Published online Oct 27, 2021. doi: 10.4254/wjh.v13.i10.1417
Peer-review started: March 7, 2021
First decision: May 2, 2021
Revised: May 11, 2021
Accepted: September 19, 2021
Article in press: September 19, 2021
Published online: October 27, 2021
Processing time: 229 Days and 11.1 Hours
Non-alcoholic fatty liver disease (NAFLD) is the most common chronic liver disease, affecting over 30% of the United States population. Early patient identification using a simple method is highly desirable.
To create machine learning models for predicting NAFLD in the general United States population.
Using the NHANES 1988-1994. Thirty NAFLD-related factors were included.

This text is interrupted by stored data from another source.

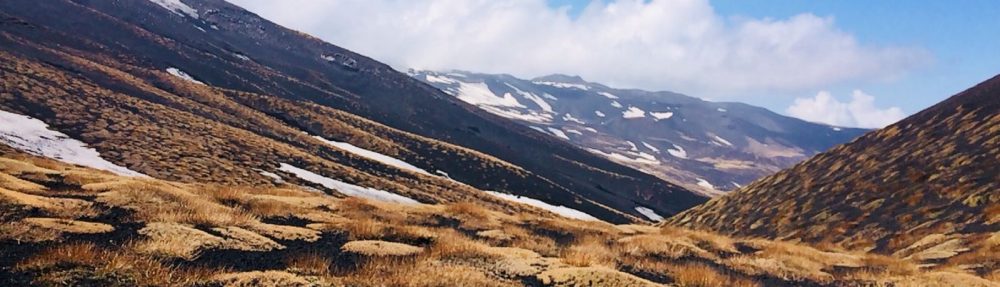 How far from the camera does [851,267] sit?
14172 millimetres

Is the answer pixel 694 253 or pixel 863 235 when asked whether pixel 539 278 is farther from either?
pixel 863 235

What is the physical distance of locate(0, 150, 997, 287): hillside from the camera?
7352 millimetres

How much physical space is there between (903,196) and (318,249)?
2312 cm

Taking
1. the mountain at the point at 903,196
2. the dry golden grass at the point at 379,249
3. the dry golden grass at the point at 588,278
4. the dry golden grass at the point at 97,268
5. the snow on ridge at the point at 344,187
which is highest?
the mountain at the point at 903,196

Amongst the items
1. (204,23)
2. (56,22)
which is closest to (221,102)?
(56,22)

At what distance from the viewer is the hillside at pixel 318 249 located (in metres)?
7.35

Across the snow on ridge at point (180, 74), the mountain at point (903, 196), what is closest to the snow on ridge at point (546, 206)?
the mountain at point (903, 196)

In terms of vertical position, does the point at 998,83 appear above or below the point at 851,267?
above

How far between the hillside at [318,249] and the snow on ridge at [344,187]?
17.0m

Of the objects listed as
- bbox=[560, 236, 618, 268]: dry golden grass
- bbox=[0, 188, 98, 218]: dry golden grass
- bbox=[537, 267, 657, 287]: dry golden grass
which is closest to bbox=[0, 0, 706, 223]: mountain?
bbox=[0, 188, 98, 218]: dry golden grass

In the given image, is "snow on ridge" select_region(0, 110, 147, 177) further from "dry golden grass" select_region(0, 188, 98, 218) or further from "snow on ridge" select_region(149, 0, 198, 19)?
"snow on ridge" select_region(149, 0, 198, 19)

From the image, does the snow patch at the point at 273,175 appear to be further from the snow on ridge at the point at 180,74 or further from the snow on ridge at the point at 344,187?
the snow on ridge at the point at 180,74

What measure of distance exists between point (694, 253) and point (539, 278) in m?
6.49

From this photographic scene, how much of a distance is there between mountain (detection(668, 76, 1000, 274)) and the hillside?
4512 millimetres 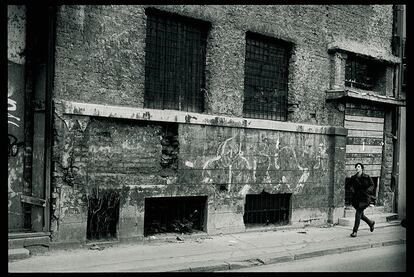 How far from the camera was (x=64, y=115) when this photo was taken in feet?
28.1

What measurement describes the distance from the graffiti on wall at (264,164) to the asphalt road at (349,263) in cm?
274

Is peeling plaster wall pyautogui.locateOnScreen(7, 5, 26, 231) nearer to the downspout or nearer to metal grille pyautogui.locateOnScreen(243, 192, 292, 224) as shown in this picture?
the downspout

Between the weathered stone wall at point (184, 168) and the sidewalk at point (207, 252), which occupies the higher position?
the weathered stone wall at point (184, 168)

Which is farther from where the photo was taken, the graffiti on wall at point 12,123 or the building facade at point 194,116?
the building facade at point 194,116

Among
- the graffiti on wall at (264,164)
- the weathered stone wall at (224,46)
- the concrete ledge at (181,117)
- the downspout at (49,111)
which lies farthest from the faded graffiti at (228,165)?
the downspout at (49,111)

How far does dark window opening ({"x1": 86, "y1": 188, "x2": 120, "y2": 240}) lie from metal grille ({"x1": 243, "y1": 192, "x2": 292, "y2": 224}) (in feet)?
11.7

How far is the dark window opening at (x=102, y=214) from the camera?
29.5 feet

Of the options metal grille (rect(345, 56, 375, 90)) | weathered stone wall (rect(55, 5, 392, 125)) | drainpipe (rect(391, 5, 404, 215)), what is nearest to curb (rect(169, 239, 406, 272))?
weathered stone wall (rect(55, 5, 392, 125))

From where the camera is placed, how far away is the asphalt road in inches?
317

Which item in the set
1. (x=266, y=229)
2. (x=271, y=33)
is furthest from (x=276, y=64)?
(x=266, y=229)

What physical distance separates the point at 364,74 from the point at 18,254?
11475mm

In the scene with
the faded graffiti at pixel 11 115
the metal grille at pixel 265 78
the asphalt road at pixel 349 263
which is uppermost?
the metal grille at pixel 265 78

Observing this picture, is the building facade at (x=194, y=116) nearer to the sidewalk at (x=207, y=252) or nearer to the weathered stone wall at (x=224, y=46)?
the weathered stone wall at (x=224, y=46)

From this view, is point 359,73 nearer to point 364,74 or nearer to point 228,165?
point 364,74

The dataset was divided into the training (70%) and testing (30%) datasets. Twenty-four machine learning algorithms were applied to the training dataset. The best-performing models and another interpretable model (i.e., coarse trees) were tested using the testing dataset.
There were 3235 participants (n = 3235) that met the inclusion criteria. In the training phase, the ensemble of random undersampling (RUS) boosted trees had the highest F1 (0.53). In the testing phase, we compared selective machine learning models and NAFLD indices. Based on F1, the ensemble of RUS boosted trees remained the top performer (accuracy 71.1% and F1 0.56) followed by the fatty liver index (accuracy 68.8% and F1 0.52). A simple model (coarse trees) had an accuracy of 74.9% and an F1 of 0.33.

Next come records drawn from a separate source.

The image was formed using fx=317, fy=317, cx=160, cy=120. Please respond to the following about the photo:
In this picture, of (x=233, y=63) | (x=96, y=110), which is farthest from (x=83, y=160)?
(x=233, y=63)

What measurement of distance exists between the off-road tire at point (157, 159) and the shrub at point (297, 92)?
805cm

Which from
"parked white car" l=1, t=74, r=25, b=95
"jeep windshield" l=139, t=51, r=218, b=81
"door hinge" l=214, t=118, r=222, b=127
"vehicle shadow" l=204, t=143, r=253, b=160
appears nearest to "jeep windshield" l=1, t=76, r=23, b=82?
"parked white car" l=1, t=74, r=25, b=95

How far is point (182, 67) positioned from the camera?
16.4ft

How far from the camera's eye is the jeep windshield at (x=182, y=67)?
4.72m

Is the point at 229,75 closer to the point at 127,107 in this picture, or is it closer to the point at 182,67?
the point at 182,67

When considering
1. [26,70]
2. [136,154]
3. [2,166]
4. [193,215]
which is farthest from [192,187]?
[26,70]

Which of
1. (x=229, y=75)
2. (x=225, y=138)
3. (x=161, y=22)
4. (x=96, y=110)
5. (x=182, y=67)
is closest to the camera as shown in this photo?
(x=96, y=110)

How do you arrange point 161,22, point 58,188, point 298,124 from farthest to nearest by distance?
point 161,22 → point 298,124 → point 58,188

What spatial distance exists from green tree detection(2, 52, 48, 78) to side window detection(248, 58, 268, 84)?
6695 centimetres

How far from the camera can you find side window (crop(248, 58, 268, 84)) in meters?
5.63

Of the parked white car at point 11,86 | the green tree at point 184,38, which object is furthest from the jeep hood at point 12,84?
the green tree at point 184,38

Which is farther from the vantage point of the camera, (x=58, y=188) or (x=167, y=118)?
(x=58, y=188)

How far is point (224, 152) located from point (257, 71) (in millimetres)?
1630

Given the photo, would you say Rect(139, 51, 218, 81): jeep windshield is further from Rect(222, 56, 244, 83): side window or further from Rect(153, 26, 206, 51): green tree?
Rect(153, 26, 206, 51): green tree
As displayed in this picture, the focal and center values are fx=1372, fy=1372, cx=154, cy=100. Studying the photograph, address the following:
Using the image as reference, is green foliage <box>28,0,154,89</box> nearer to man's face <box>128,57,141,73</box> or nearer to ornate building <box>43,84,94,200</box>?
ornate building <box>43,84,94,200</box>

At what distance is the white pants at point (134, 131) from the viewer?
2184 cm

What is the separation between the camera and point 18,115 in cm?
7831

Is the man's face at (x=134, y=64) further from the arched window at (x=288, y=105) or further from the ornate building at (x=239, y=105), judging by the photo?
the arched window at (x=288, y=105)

Not every machine learning model is complex. Using a simpler model such as coarse trees, we can create an interpretable model for predicting NAFLD with only two predictors: fasting C-peptide and waist circumference. Although the simpler model does not have the best performance, its simplicity is useful in clinical practice.

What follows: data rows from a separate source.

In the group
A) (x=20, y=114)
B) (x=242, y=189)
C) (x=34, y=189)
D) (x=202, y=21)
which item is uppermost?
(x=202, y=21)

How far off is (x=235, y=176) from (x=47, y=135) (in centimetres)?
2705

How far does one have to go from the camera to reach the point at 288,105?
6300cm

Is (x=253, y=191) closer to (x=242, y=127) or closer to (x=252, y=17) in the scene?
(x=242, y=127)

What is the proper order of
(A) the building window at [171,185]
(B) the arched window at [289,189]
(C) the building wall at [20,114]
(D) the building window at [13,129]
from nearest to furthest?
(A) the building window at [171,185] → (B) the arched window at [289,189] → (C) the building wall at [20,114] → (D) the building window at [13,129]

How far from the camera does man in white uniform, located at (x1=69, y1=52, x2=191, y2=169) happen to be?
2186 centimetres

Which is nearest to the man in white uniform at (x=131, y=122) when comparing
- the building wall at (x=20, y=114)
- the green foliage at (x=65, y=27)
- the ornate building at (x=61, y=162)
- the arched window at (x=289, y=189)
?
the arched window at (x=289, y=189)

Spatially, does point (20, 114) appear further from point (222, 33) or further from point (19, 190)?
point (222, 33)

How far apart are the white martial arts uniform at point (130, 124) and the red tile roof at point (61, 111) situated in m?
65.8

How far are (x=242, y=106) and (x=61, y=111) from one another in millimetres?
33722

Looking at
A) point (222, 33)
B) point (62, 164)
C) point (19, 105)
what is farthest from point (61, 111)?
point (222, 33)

Core Tip: A simple method with a good accuracy for identifying patients with non-alcoholic fatty liver disease is highly desirable. Among 24 machine learning models, the ensemble of random undersampling boosted trees was the top performer (accuracy 71.1% and F1 0.56). A simple model (coarse trees) with only two predictors (fasting C-peptide and waist circumference) had an accuracy of 74.9% and an F1 of 0.33. Not every machine learning model is complex. Using a simple model such as coarse trees, physicians can easily integrate machine learning model into their practice without any software implementation.